ソシュールの『一般言語学講義』(1916、死後刊)からわずか5年後、大西洋の反対側で、もう一冊の一般言語学の入門書が出た。エドワード・サピア(Edward Sapir, 1884–1939)の『言語——ことばの研究序説』(1921)である。サピアは人類学者フランツ・ボアズの弟子で、北米先住民の言語を数多く記述した人類学者=言語学者。この本は130ページと薄く、発音記号も専門用語もほとんど使わない。序文で本人がねらいをこう書く——「事実を集めるより、言語という主題に一定の見通しを与えること」。
その見通しは、いくつかの強い主張にまとまる。
1. 言語は本能ではない
子どもを生まれてすぐ別の社会へ移せば、歩き方はもとの環境とほぼ同じに育つ。だが、ことばは「native environment のそれとは完全に食い違う(completely at variance)」。だからサピアは言う——「歩行は有機的で本能的な機能であり、発話は非本能的で後天的な、“文化的”機能である」(Walking is an organic, an instinctive, function …; speech is a non-instinctive, acquired, “cultural” function、第1章)。
ここから有名な定義が出る。
Language is a purely human and non-instinctive method of communicating ideas, emotions, and desires by means of a system of voluntarily produced symbols.
言語とは、随意に産出される記号の体系によって、観念・感情・欲求を伝達する、純粋に人間的で非本能的な方法である。
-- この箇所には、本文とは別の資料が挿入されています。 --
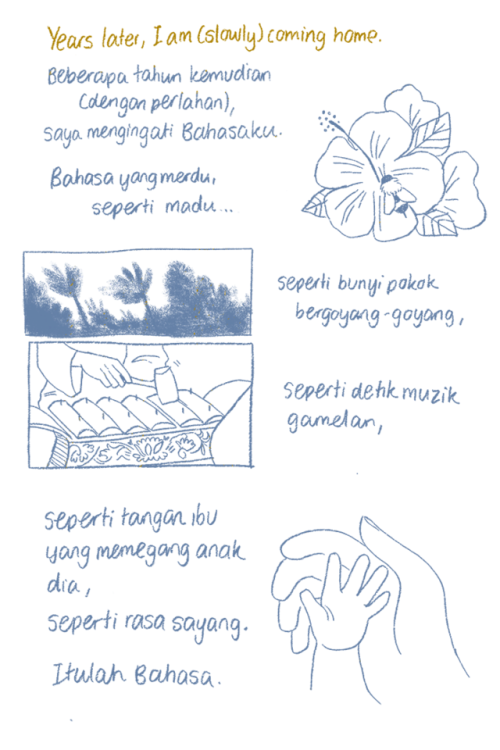 reimenaashelyee: A comic about my complicated feelings for Bahasa Malaysia, my country’s natio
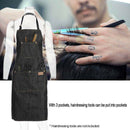 Hair Cut Hairdressing Barber Apron Cover Hairstylist Gown Cloth Beauty Black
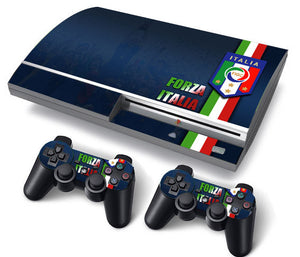PS3 FAT PlayStation 3 ORIGINAL Skin/Stickers PVC for Console + 2 Controllers/Pads Decal Protector Cover ***Italia***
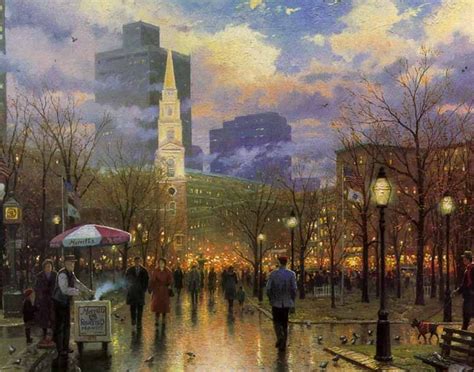 Thomas Kinkade Boston Painting Best Boston Paintings For Sale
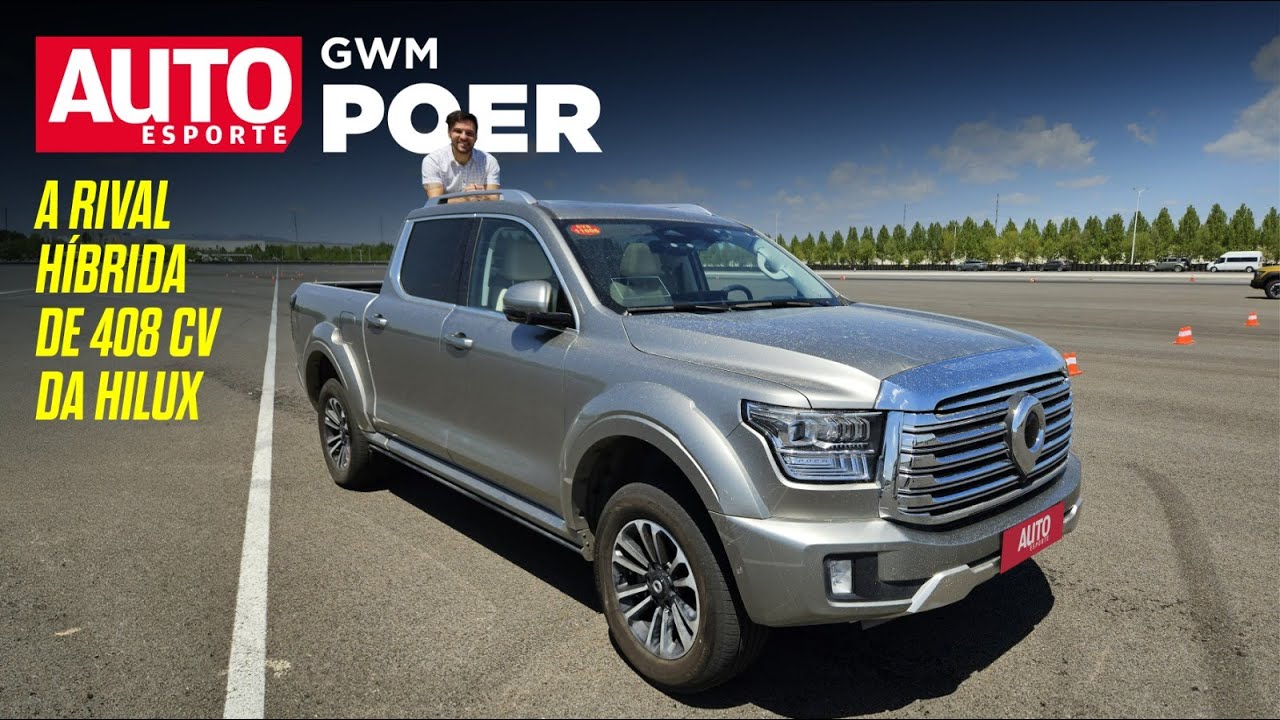 GWM Poer P30 híbrida flex: picape média eletrificada que será fabricada no Brasil em 2026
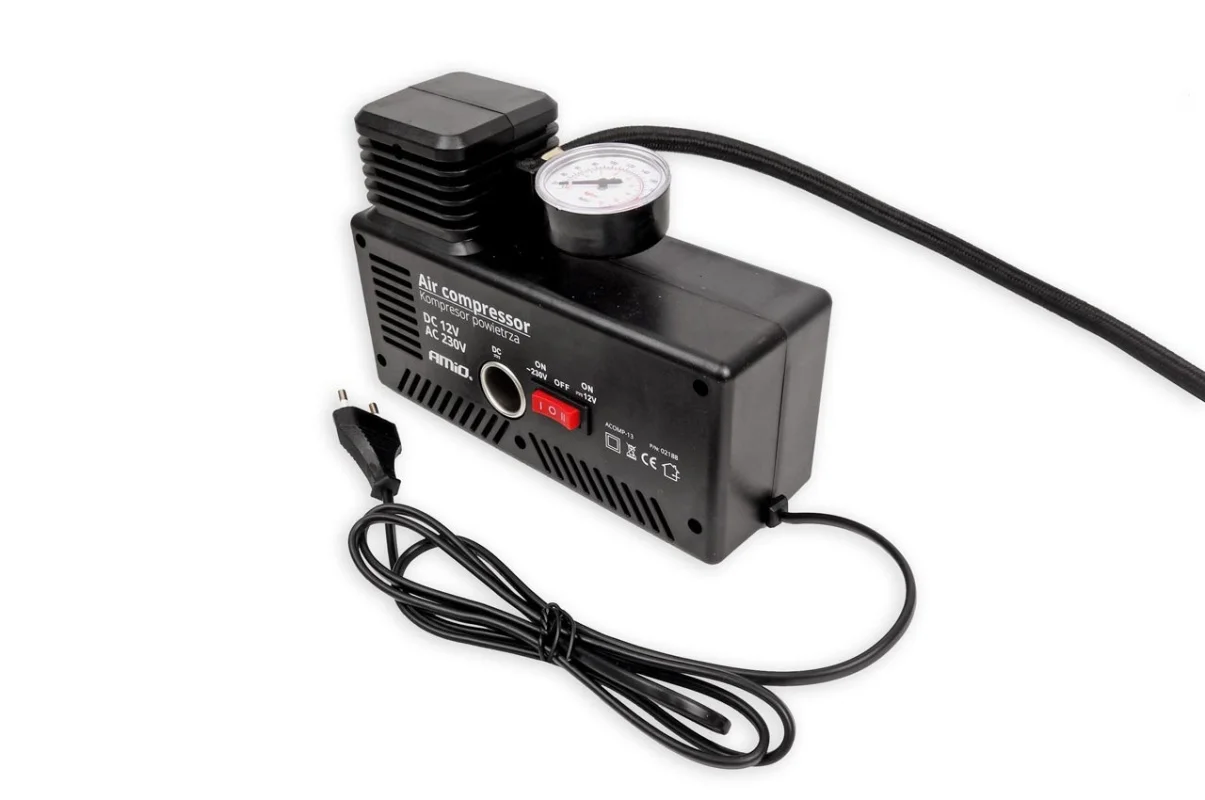 Kompresor samochodowy 12V/230V AMIO Acomp-13 — ujęcie 3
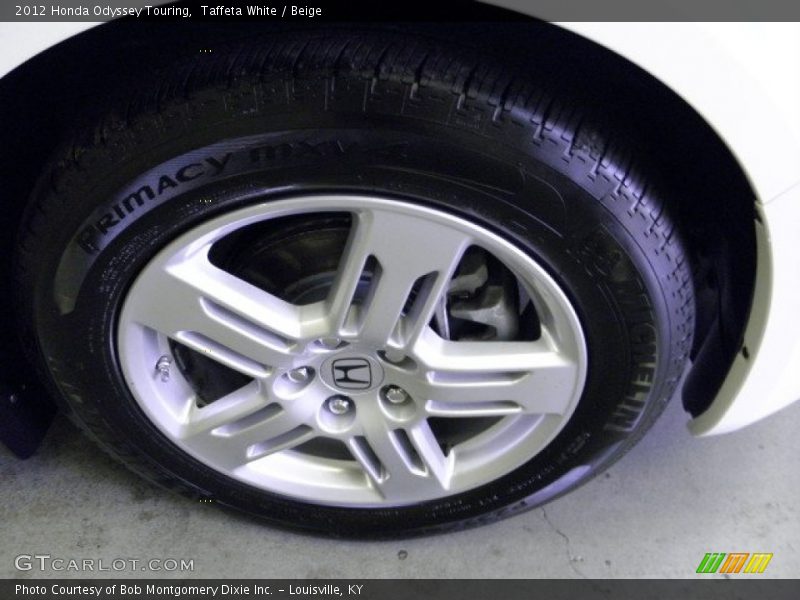 Taffeta White / Beige 2012 Honda Odyssey Touring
(第1章。引用は原文、日本語は L/LAB 訳。以下同じ)
感嘆詞(oh! ah!)や擬声語(cuckoo)は本能的な叫びの文化的な模造にすぎず、言語の起源にはならない。「間投詞は、せいぜい、複雑な織物の装飾的な縁取りにすぎない」。生理の面でも、サピアは踏み込む——「厳密には発音器官などというものは存在しない。発音に付随的に役立つ器官があるだけだ」(There are, properly speaking, no organs of speech)。肺は呼吸、歯は咀嚼のためにできた。言語は既存の器官の上に乗った機能(an overlaid function)だ。
2. 本質は音ではなくパターン
話し言葉は書き言葉へ、手話へ、モールス信号(「記号の記号の記号」)へ、一対一で転移できる。この転移のしやすさそのものが、「音そのものは言語の本質的な事実ではなく、本質は分類・形式的パターン・概念の関係づけにある」ことを示す。サピアの言い方では——「言語は、その内側の面において、思考の鋳型(the mold of thought)である」(第1章)。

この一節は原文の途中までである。